Review of Kate Walters’ work – in Galleries magazine

November 2008.
‘Artists are advised to paint what they know, but brave ones like Kate Walters explore the unknown. The watercolour drawings in her latest solo show ‘Seeing the Shadow’ (Goldfish to 21 November) – a response to the recent loss of a friend – touch on the mysteries of life and death. Drawings such as Looking to Be Born and Old Age view the journey from opposite ends, but in both the fragile figures hand from cords as if suspended in amniotic fluid.

In her earlier, more linear drawings Walters used watercolour as one of an experimental mix of media; here she uses it alone and in a single colour, red. For Walters, as for Bacon, red best expressed human warmth and intimacy, also danger. Watercolour, meanwhile, heightens the impression of images begotten and not made. But although in the surrealist tradition, Walters’s drawings are far from automatic. The flow of colour is carefully controlled – even the drips are structural, contributing the perpendicular cords from which figures hang or the Giacometti like armatures on which others are supported. Horizontal and vertical drips occasionally cross, suggesting a Mondrian grid or forming a crucifix. In Figure Exposed, a female figure seems to hang from a cross: In Trauer two figures lift another, enveloped in cloud, off a crossbar – it could be a deposition or a resurrection.

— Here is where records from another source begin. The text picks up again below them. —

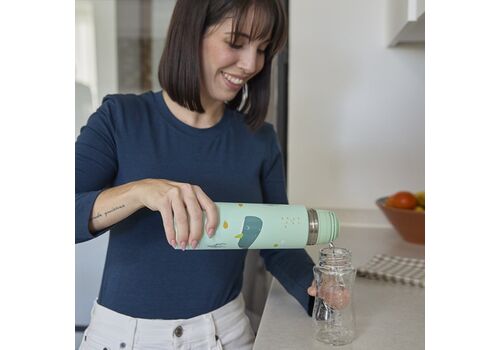 ΘΕΡΜΟΣ OCEAN WHALE  500ML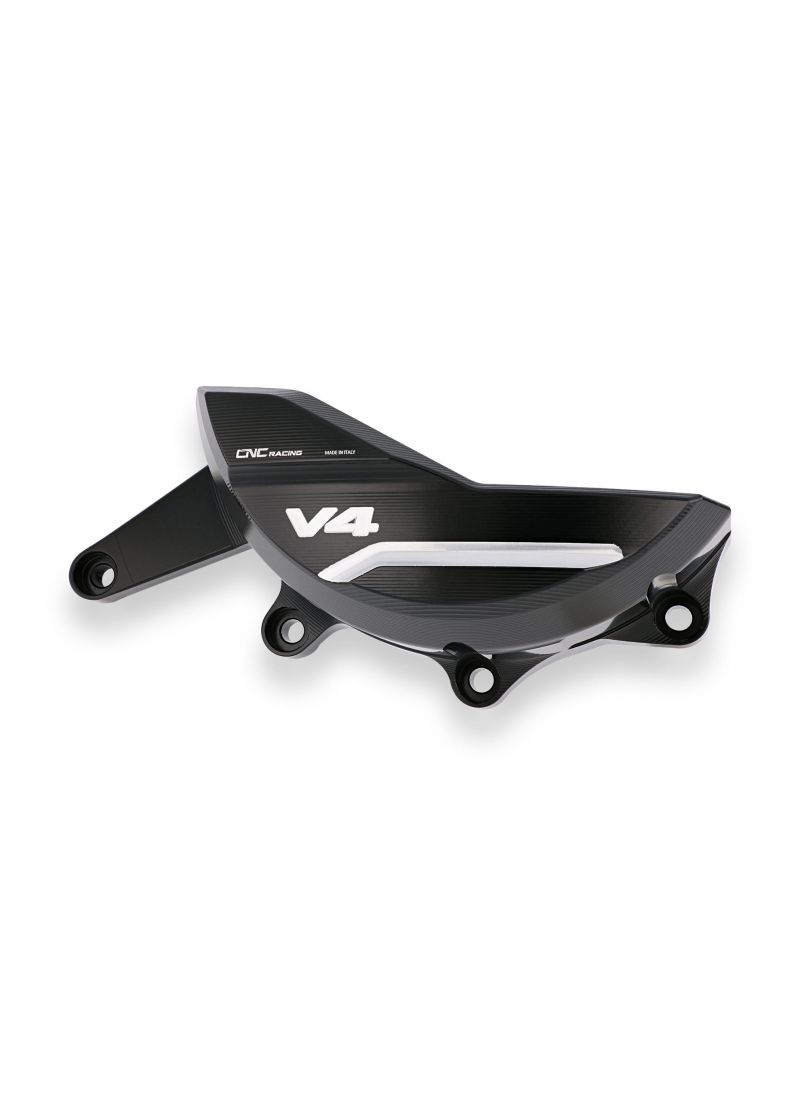 Generatorabdeckung Protektor Ducati Panigale V4 CNC Racing Ducati Panigale V4 SP2 (2023+)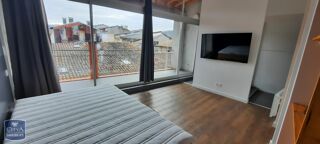  Appartement à louer 2 pièces 49 m²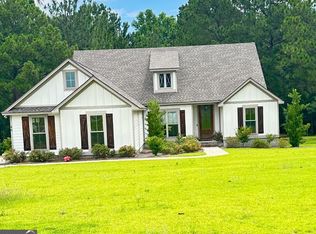 46 Henry Way, Tifton, GA 31793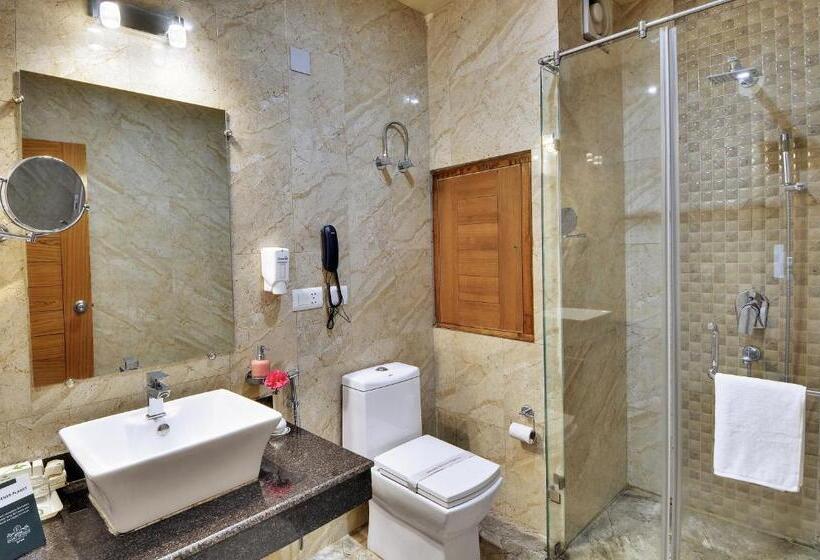 패밀리 스위트, Ekant Retreat Resort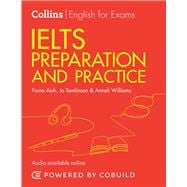 Collins English for Examins - IELTS Preparation and Practice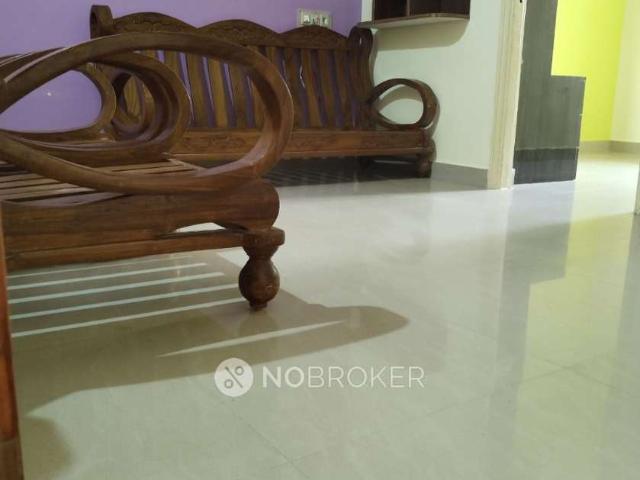 Flat for rent in Bangalore South, Cox Town - Bangalore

Walters’s imagery walks the line between pain and hope. The wing shapes that recur in several drawings incline us towards the latter, but are they really wings? In Girl with clouds or shields, apparently not. It’s this sense of trembling on the brink of transformation that lends Walter’s shadowy forms psychological substance. Besides them, Tracey Emin’s drawings look like idle scratching, while Marlene Dumas’s bravura watercolours look slick.’